Overview of Al-induced Transcriptional Profiling

Agilent 44 K Rice Oligo DNA Microarray RAP-DB covers almost genes in rice genome [15]. In the root tips (0–1 cm) of wild-type rice, exposure to 20 µM AlCl3 for 6 h resulted in up-regulation of 213 genes and down-regulation of 21 genes (Figure 3A and 3B). By contrast, much more genes (2015 and 1521) were up- and down-regulated by the same treatment in the star1 mutant (Figure 3A and 3B).
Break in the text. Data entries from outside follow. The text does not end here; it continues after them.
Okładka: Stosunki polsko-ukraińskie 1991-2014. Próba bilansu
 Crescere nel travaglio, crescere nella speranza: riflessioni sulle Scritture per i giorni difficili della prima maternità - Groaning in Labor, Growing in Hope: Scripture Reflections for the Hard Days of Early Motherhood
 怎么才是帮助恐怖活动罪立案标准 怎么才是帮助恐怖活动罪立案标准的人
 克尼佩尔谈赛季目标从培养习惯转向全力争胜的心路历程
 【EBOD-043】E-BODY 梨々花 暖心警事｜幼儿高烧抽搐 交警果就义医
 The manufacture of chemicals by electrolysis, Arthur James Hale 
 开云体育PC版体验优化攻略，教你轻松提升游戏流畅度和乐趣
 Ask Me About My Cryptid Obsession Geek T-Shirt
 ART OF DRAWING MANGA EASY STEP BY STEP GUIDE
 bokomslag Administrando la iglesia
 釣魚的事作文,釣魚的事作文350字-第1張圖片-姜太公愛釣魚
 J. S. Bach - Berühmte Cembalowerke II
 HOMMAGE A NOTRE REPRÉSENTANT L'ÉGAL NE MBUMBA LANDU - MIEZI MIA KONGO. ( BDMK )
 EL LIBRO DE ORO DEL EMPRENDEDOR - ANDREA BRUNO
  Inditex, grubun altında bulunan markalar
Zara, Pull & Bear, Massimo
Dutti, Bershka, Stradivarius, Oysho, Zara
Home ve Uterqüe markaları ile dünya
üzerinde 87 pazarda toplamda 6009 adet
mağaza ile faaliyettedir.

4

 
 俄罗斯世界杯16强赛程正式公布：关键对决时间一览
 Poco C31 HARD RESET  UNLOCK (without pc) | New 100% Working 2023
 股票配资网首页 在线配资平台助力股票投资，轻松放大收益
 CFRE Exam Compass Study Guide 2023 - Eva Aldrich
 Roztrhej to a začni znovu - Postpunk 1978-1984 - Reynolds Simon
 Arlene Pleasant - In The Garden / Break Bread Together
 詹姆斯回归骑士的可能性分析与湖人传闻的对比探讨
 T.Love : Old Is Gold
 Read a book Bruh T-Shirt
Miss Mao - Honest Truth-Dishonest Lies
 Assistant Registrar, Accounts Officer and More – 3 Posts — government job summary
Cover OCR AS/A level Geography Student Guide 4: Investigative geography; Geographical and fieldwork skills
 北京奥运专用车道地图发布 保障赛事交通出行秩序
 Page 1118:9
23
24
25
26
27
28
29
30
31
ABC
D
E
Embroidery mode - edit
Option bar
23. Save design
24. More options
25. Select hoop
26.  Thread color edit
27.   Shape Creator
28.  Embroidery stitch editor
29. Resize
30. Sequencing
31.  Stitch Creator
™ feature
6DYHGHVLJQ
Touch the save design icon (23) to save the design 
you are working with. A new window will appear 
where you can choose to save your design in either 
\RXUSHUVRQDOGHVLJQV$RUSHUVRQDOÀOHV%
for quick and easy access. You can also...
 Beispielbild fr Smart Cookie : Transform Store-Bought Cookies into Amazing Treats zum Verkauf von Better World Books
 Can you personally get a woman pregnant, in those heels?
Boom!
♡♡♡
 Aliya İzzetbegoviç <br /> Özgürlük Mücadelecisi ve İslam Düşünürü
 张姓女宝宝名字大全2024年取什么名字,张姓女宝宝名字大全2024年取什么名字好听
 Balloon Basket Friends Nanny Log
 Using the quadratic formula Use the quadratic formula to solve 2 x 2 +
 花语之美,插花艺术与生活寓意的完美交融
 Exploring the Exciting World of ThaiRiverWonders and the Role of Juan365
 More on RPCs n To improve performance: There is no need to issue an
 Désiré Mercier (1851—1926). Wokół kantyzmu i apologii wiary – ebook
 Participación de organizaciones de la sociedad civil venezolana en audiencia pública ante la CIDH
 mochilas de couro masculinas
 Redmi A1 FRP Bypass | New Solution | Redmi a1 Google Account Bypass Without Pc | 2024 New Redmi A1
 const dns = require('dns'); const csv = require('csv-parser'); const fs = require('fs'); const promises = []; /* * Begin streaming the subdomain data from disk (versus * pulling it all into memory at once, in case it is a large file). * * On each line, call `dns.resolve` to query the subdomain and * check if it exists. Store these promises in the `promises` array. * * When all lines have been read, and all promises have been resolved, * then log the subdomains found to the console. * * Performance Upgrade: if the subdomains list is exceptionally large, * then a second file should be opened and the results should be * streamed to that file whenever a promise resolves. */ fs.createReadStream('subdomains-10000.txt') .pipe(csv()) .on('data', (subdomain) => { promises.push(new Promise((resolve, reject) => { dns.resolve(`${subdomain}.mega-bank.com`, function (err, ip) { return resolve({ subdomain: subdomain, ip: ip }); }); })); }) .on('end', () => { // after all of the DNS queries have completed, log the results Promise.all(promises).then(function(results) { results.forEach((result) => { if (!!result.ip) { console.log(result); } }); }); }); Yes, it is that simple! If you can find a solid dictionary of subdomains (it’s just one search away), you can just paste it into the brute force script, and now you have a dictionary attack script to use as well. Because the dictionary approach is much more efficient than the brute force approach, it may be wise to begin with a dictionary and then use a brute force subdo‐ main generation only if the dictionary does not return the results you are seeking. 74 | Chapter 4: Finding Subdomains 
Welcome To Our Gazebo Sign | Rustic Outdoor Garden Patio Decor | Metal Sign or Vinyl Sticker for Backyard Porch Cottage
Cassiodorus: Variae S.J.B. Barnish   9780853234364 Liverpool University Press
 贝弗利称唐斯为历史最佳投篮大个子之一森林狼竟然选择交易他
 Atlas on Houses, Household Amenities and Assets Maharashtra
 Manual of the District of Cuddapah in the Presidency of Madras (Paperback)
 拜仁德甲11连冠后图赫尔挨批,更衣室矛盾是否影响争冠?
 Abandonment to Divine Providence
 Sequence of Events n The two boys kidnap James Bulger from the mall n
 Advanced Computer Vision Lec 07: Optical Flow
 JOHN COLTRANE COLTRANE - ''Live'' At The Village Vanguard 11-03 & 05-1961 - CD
In the basal root region (1–2 cm), 126 and 112 genes, respectively, was up- and down-regulated in the wild-type rice, whereas the numbers of up- and down-regulated genes were 2419 and 1663, respectively, in the star1 mutant (Figure 3A and 3B).

Figure 3

Genes up- and down-regulated by Al in the wild-type and star1 mutant roots.

Numbers of Al-responsive genes up-regulated (higher than 3-fold) (A) and down-regulated (lower than 3-fold) (B) are extracted. Wild-type (gray circle) and star1 mutant (black circle) are shown in both the root tips and basal root region.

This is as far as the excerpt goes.